Task item:
Could you return, exactly as written, every line from the one containing "Here I am going" through the last line of the entries below, leaving out the pictures?

Data records:
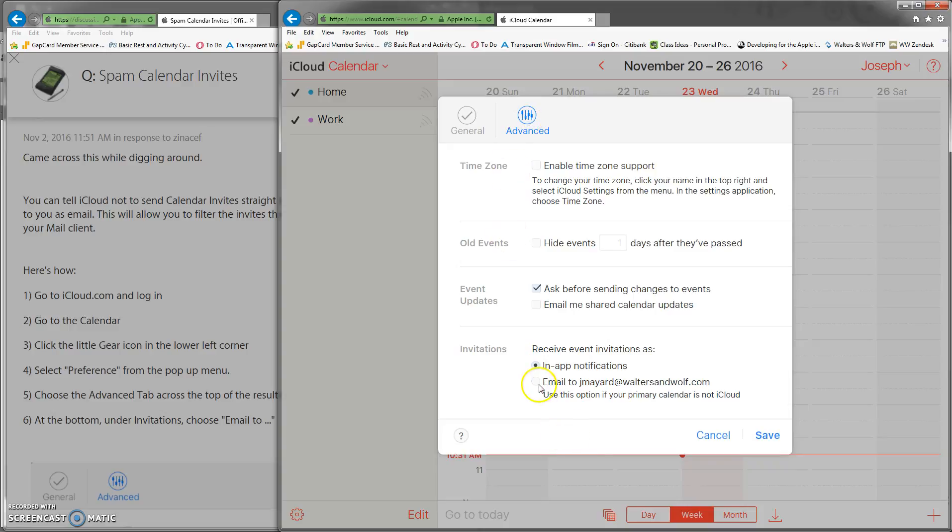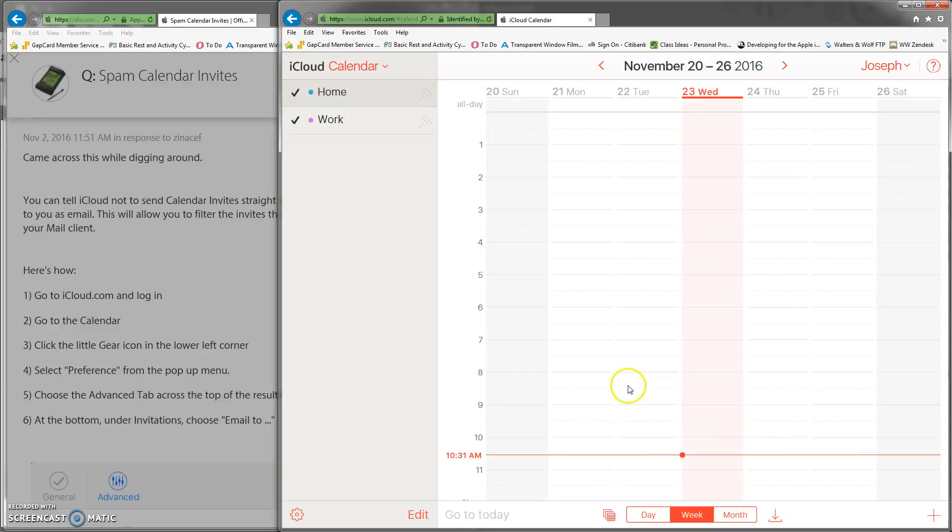Then check this box which says 'email to your email address instead of in-app notifications.' What this does is anytime you get a random calendar invite, instead of getting a notification on your device, it's going to send you an email, and you can filter that under spam and block those accounts as they come up.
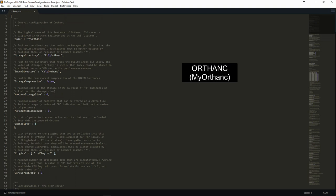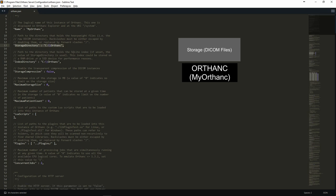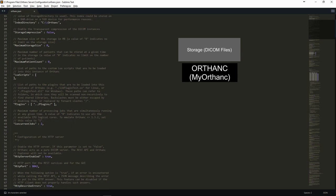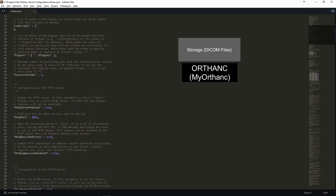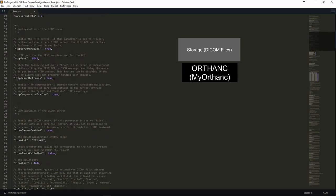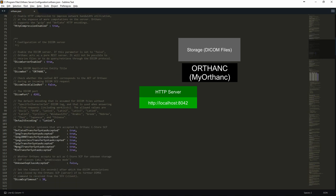First, it defines a name for the server which will be displayed in the web interface. Next, we can use the storage directory option to configure where Orthanc will store incoming DICOM files. You can also find in this file the configuration of the HTTP server with the port on which it will listen. We always have to make sure not to use a port that is used by another program.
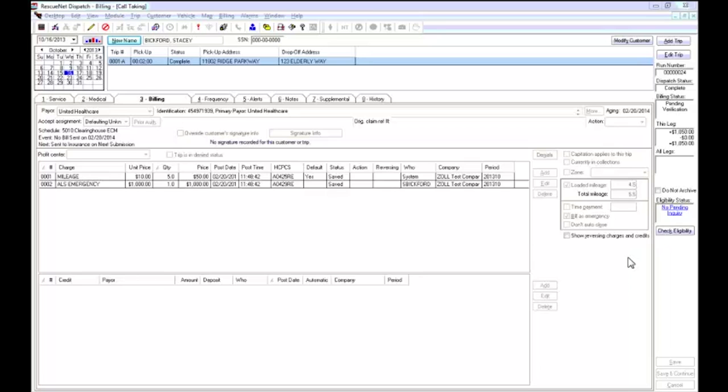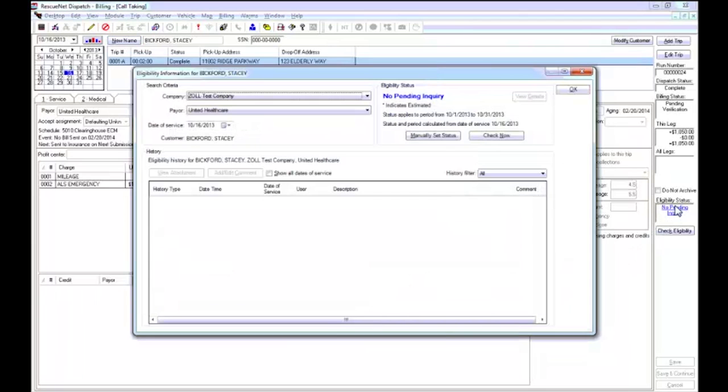RescueNet eligibility will help streamline this process and return results in seconds all within RescueNet billing. Currently, you may have to utilize a third-party website or make a phone call to confirm eligibility, and this can take up to one to three minutes on average and also leaves room for data entry errors.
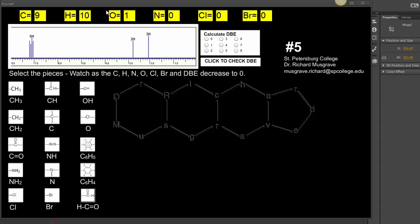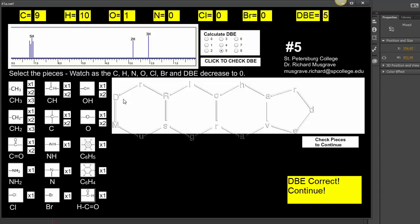This compound is C9H10O with five double bond equivalents. Looking at the pieces, we have a 5H in the aromatic region between 7 and 8, which would be C6H5. We've got a 2H and a 3H.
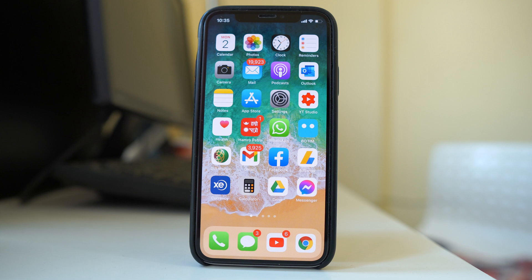Hello everyone and welcome to my YouTube channel. In this video today we will see how to add widgets to iPhone or iPad home screen. We will see how to add the widgets that come default with iPhone and we will also see how to search for a custom widget from the App Store and then use it.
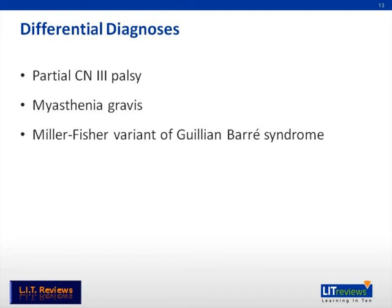Differential diagnosis of INO includes a partial oculomotor palsy with medial rectus weakness, myasthenia gravis, and Miller-Fisher variant of Guillain-Barré syndrome.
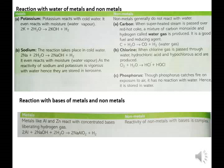Reaction with water — metals: Potassium reacts with cold water and even with moisture (water vapor). 2K + 2H2O → 2KOH + H2. Sodium also reacts with cold water: 2Na + 2H2O → 2NaOH + H2. As the reactivity of sodium and potassium is vigorous with water, they are stored in kerosene.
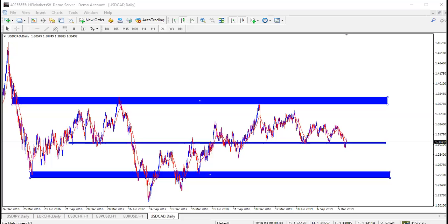In this class we'll be looking at support and resistance, and then demand and supply zones. Let me start with demand and supply zones.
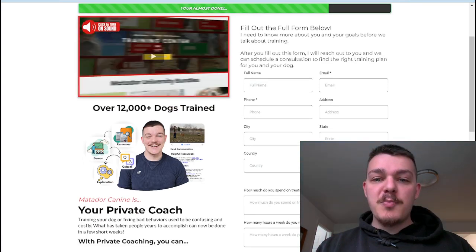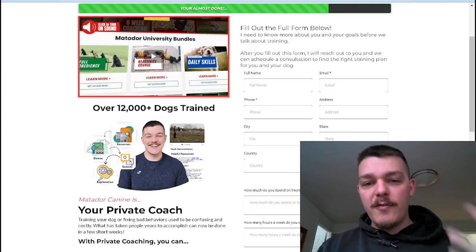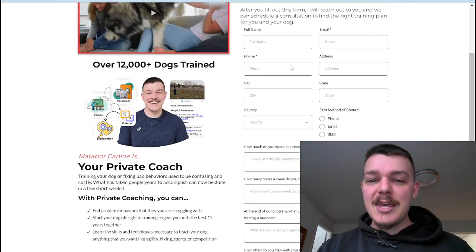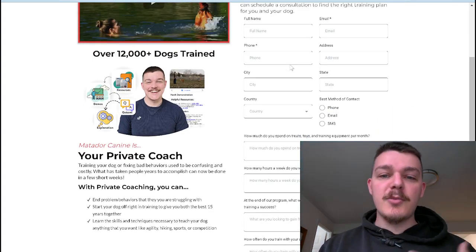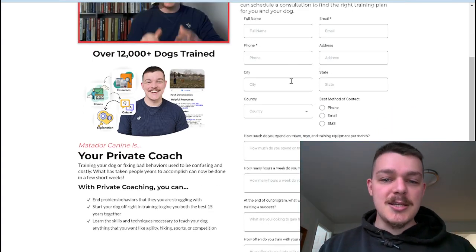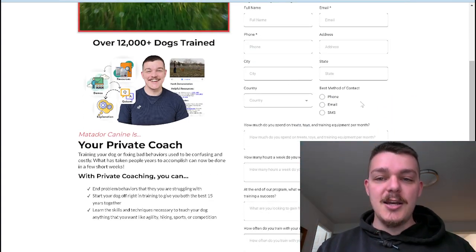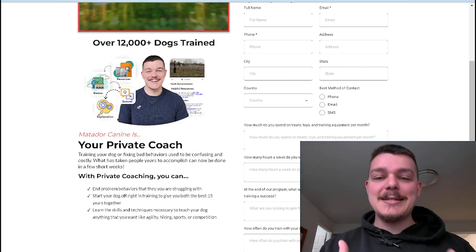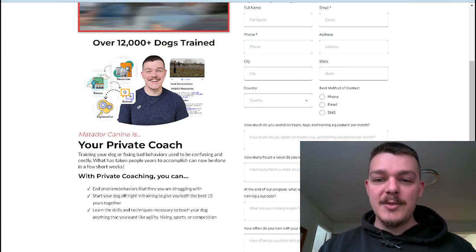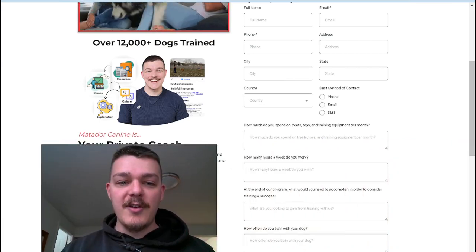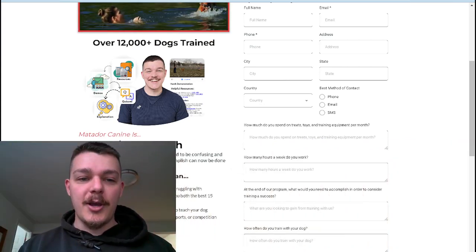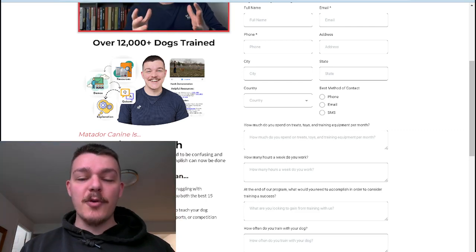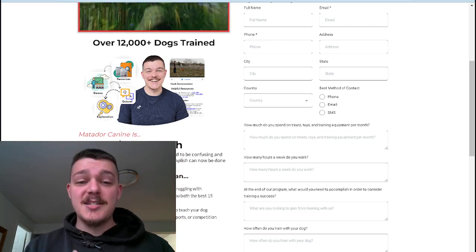Now, the first part is what I call the formalities. Your name, the email, phone number, address, city, state, country, and best method of contact. Those are the formalities that have to be there. So those are the formalities that must be there.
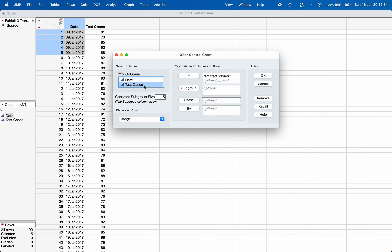Here I am going to specify what is the Y characteristic — the KPI or quality characteristic under consideration. Now if your subgroup size is constant, you can directly enter it here. But if you want the software to detect the subgroup size information from a particular column in the data, you can choose that column. For example, here the subgroup size information is in the date column, so you can choose that column and put it under subgroup.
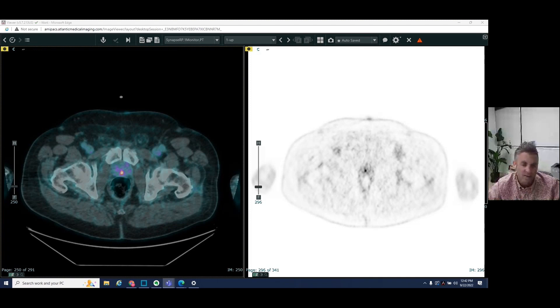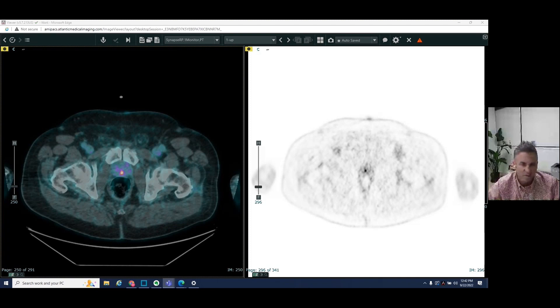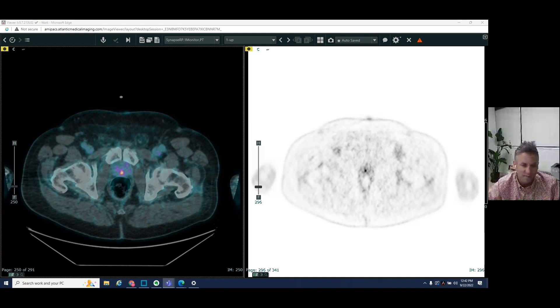So I thought I would take this opportunity to go through two PET CTs and talk about this new type of test and show you some images.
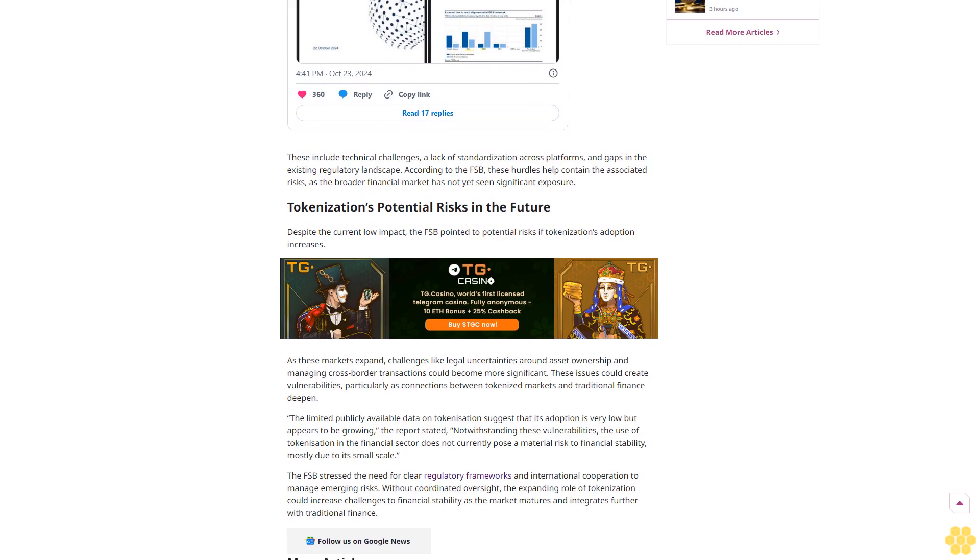The report also highlighted several factors that have slowed tokenization's integration into mainstream finance. These include technical challenges, a lack of standardization across platforms, and gaps in the existing regulatory landscape. According to the FSB, these hurdles help contain the associated risks as the broader financial market has not yet seen significant exposure.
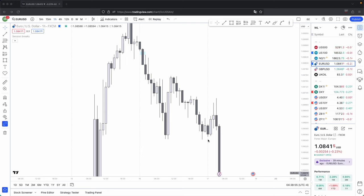Fair value gaps appear everywhere in the markets. Some hold and some do not hold. In this video, we will be looking at the ones that do hold and how you can anticipate them.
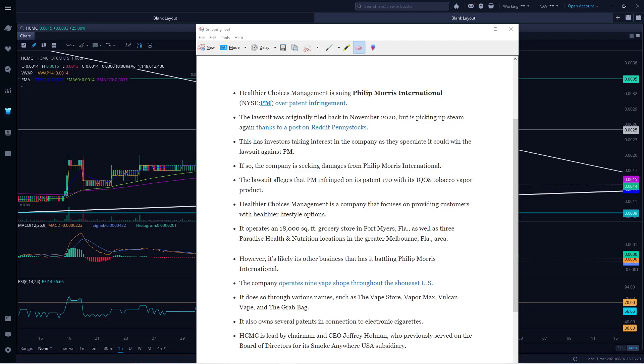Hello everyone, welcome to Fiji Investment Trading. My name is Mr. Singh and I want to talk about HCMC. HCMC is Healthier Choice Management Company. There's a little bit of movement on the stock today. It went up to 0.0015 and the low of the day was 0.0012. I'll talk a little bit on the technical side later in the video.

Solution:
Here I am going to specify what is the Y characteristic — the KPI or quality characteristic under consideration. Now if your subgroup size is constant, you can directly enter it here. But if you want the software to detect the subgroup size information from a particular column in the data, you can choose that column. For example, here the subgroup size information is in the date column, so you can choose that column and put it under subgroup.
So I thought I would take this opportunity to go through two PET CTs and talk about this new type of test and show you some images.
The report also highlighted several factors that have slowed tokenization's integration into mainstream finance. These include technical challenges, a lack of standardization across platforms, and gaps in the existing regulatory landscape. According to the FSB, these hurdles help contain the associated risks as the broader financial market has not yet seen significant exposure.
Fair value gaps appear everywhere in the markets. Some hold and some do not hold. In this video, we will be looking at the ones that do hold and how you can anticipate them.
Hello everyone, welcome to Fiji Investment Trading. My name is Mr. Singh and I want to talk about HCMC. HCMC is Healthier Choice Management Company. There's a little bit of movement on the stock today. It went up to 0.0015 and the low of the day was 0.0012. I'll talk a little bit on the technical side later in the video.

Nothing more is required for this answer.